EXERCISE PROMPT:
Print only what runs from the line that includes "Big Twist Frosted" to the end of the listing, word for word, and do not include any pictures.

GIVEN DATA:
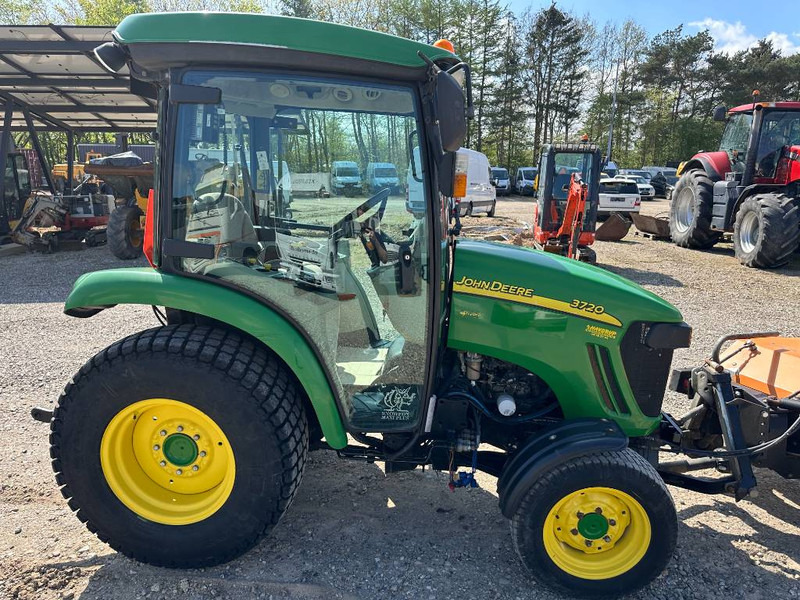 John Deere 3720 M/ Hydraulisk kost - Compact tractor: picture 3 John Deere 3720 M/ Hydraulisk kost - Compact tractor: picture 3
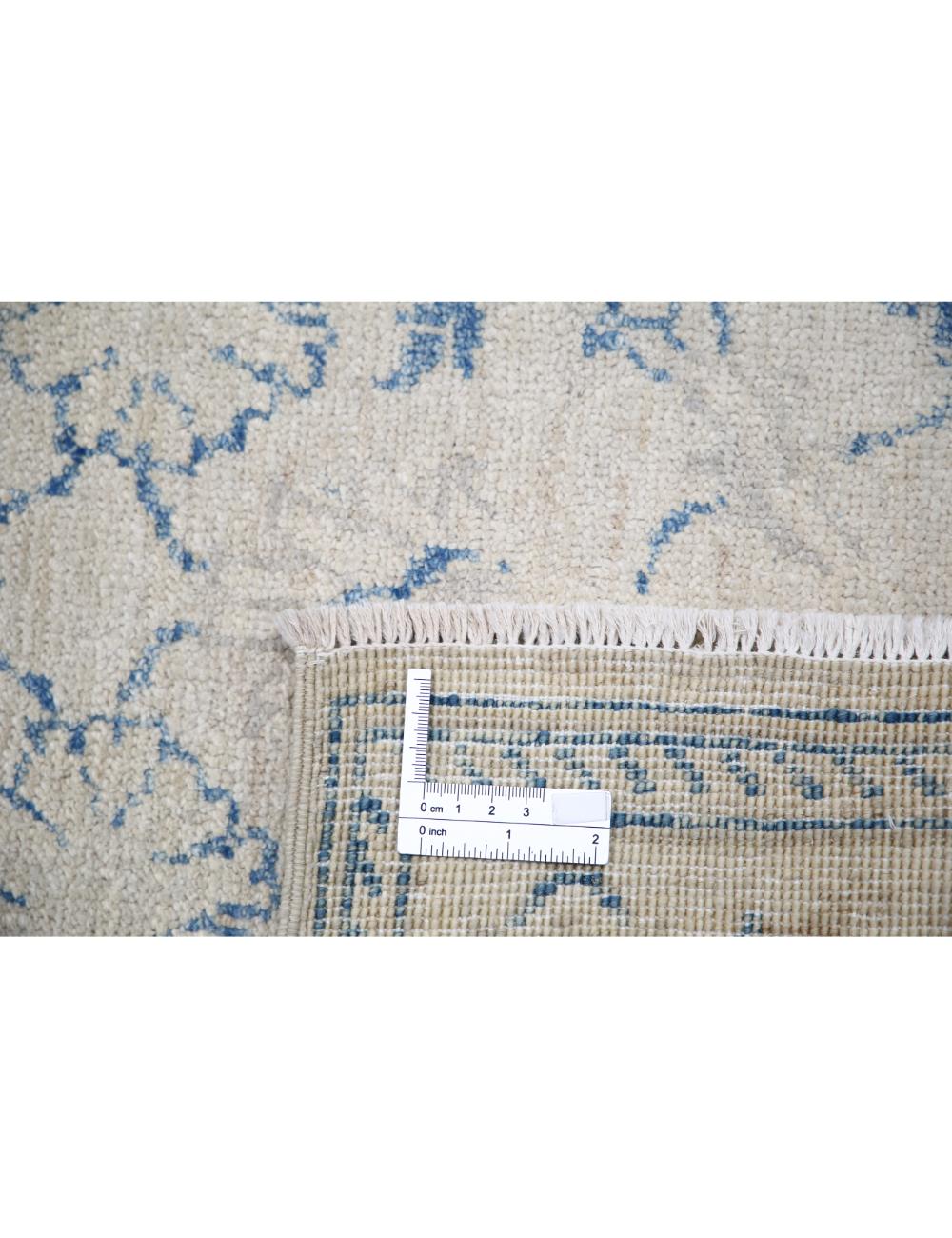 Serenity 2' 7" X 8' 4" Hand-Knotted Wool Rug 2' 7" X 8' 4" (79 X 254) / Ivory / Blue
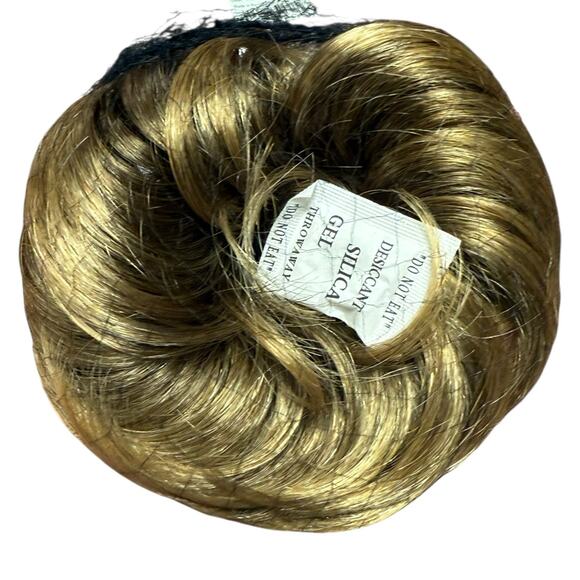 Big Twist Frosted Salon Quality Wrap Around Hair Piece NWT - Picture 2 of 3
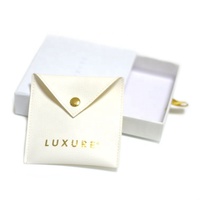 Boîte à bijoux en carton blanc avec logo personnalisé en relief et pochette à bouton en PU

FINAL ANSWER:
 Big Twist Frosted Salon Quality Wrap Around Hair Piece NWT - Picture 2 of 3
 Boîte à bijoux en carton blanc avec logo personnalisé en relief et pochette à bouton en PU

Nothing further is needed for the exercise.